We’re all friends, right? Good. Because I need some intimate advice from you. I know I’m a review site. I know that you come to me, like slightly tubby older men seeking discipline from a ravishing dominatrix or college students flocking to Jackass 3, for a little snark and a laugh at the expense of cookies or soda. Does my posting recipes make you want to punch me in the face? Do you die a little when I wax about my many forms of enchiladas or inwardly cry when you see another angled, bokeh-infused photo of a cake? Discuss, please.
Well, even if you do hate it, I sure don’t. And these cookies should win you over for sure. They’re crumbly, they’re soft, they’re chewy and salty and crispy from the cornmeal like the more sophisticated older sister of Momofuku’s corn cookie. If I loved you enough, I would send each and every one of you a batch of these. But even if I don’t, you can still make them at home! This is one of the first baking recipes I’ve just winged and made from scratch and I’m really pleased with the results.
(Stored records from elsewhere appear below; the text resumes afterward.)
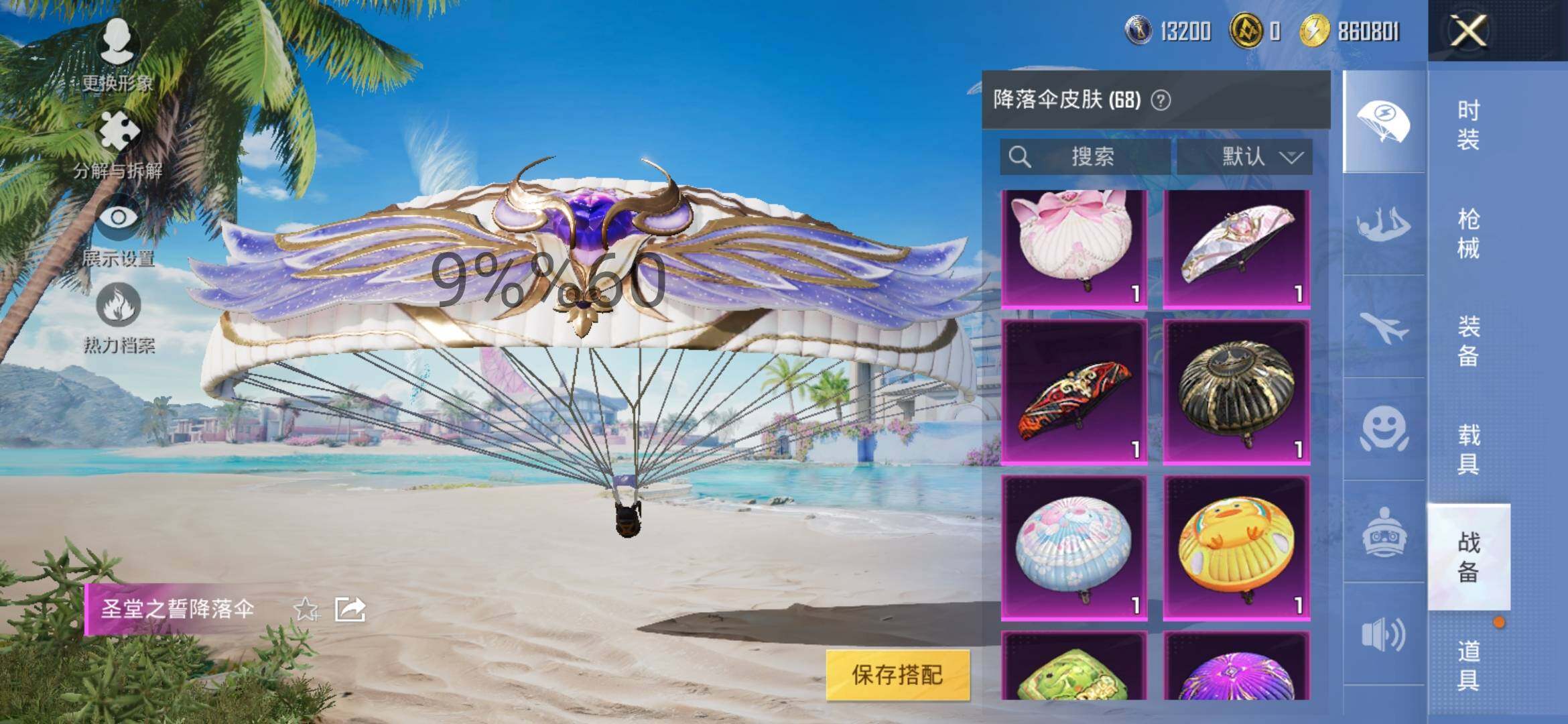 HPYXS3290880和平精英账号详情图15 HPYXS3290880和平精英账号详情图15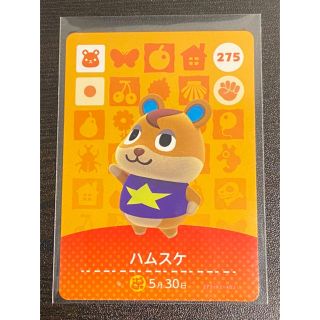 ニンテンドースイッチ(Nintendo Switch)のどうぶつの森　amiiboカード　275ハムスケ(カード)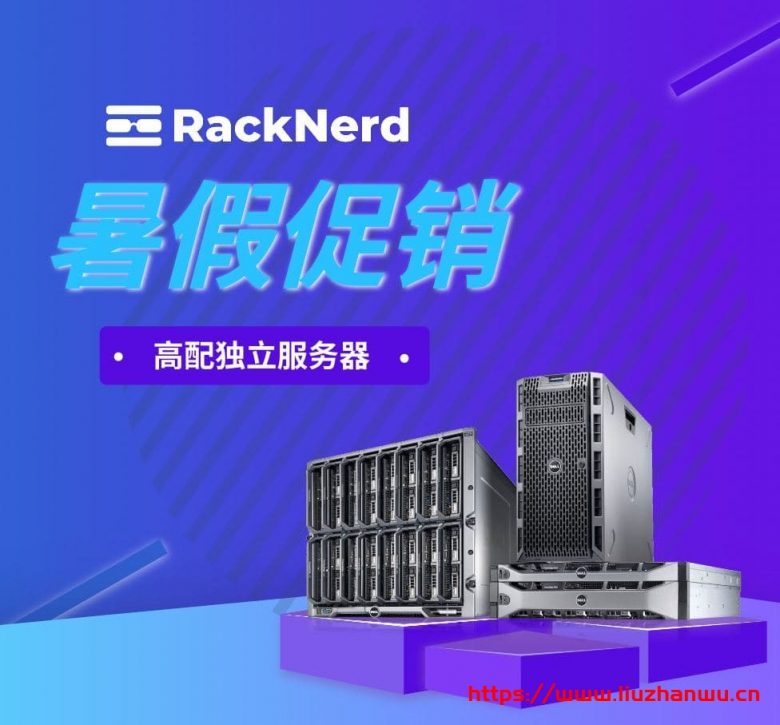 RackNerd美国便宜VPS：洛杉矶DC-02、纽约、芝加哥机房，4TB月流量套餐16.55美元/年，另补货9.49美元最便宜年付套餐-博悦天下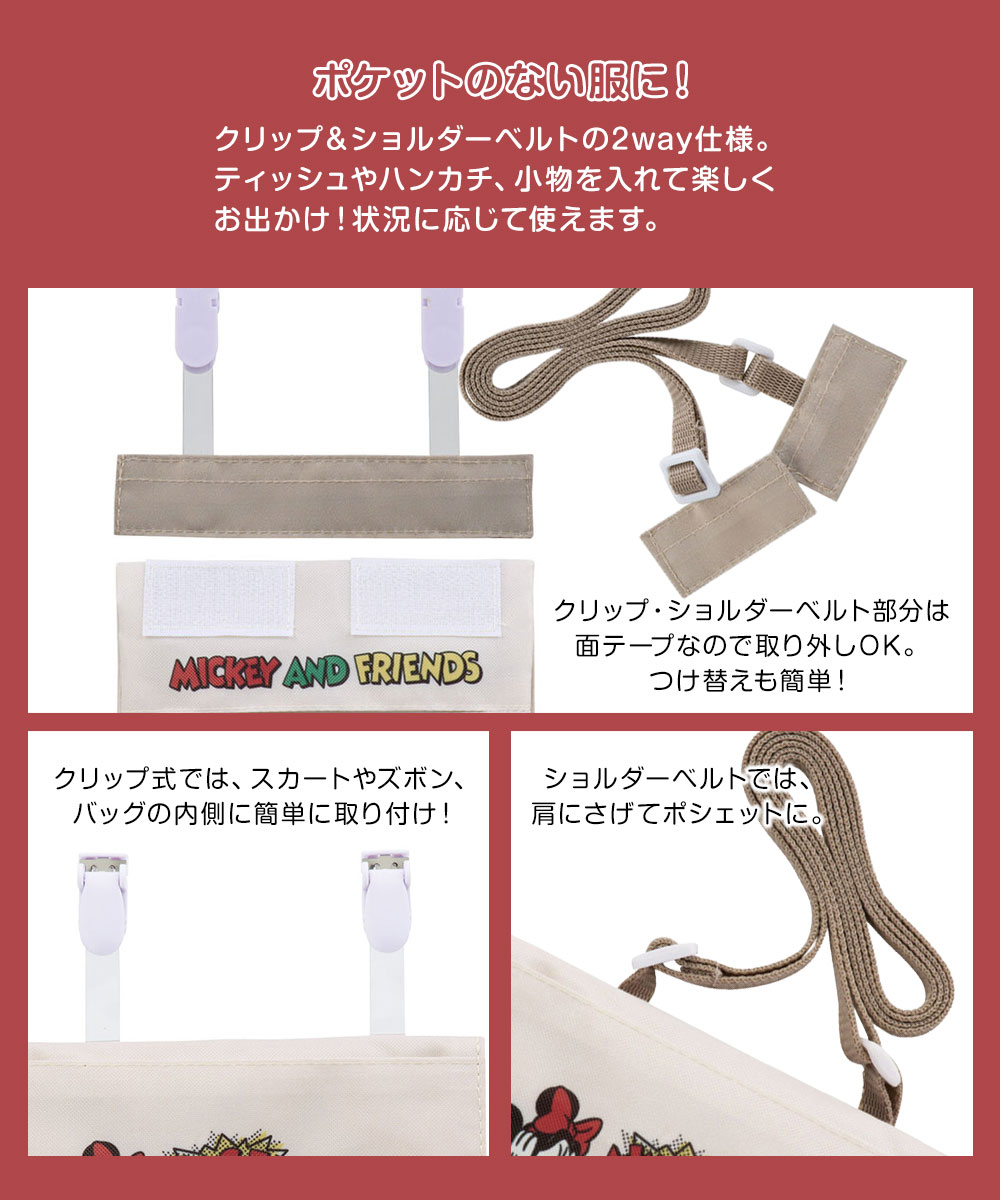 移動ポケット ショルダー クリップ 2way ...の詳細画像1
Brown Butter Cornmeal Cookies with Basil Lime Glaze
Ingredients (makes about 24 cookies)
1 cup of unsalted butter
1/3 cup white sugar
1 cup brown sugar
2 eggs
2 tablespoons of vanilla bean paste or vanilla extract
1 cup of flour
2 cups of coarse yellow cornmeal
1 1/2 teaspoons of baking soda
1 teaspoon of sea salt
1 1/2 cups of powdered sugar
1/2 cup of whole milk plus two tablespoons
3 tablespoons of lime zest
2 tablespoons of lime juice
3 tablespoons of minced basil
1. Preheat oven to 350. In a large saucepan, melt and cook the butter on medium-high until the milk solids have cooked and browned at the bottom. When the butter is fragrant and an amber brown color, take it off the heat. Let it cool for about 30 minutes to a few hours or until it’s at room temperature and soft.
2. Cream with the sugars and add eggs and vanilla. Stir vigorously and add dry ingredients. Chill for 30 minutes or until solid to the touch and bake in oven for 12-15 minutes. When the cookies are puffy and slightly brown on top, they’re ready.
3. Combine glaze ingredients in a bowl and mix until smooth. Drizzle over cookies and garnish with extra basil if desired.
Come on, you couldn’t hate these if you tried.

One thought on “Brown Butter Cornmeal Cookies with Basil-Lime Glaze”

  1. I love the recipes!! How could anyone be annoyed by enchiladas? I almost called myself an enchilada whore just now but realized it’s just because I’m dying to use the word whore more often and it’s surprisingly difficult to fit casually into every day language. Anyway, your reviews are great but I think your blog is even better with the recipes.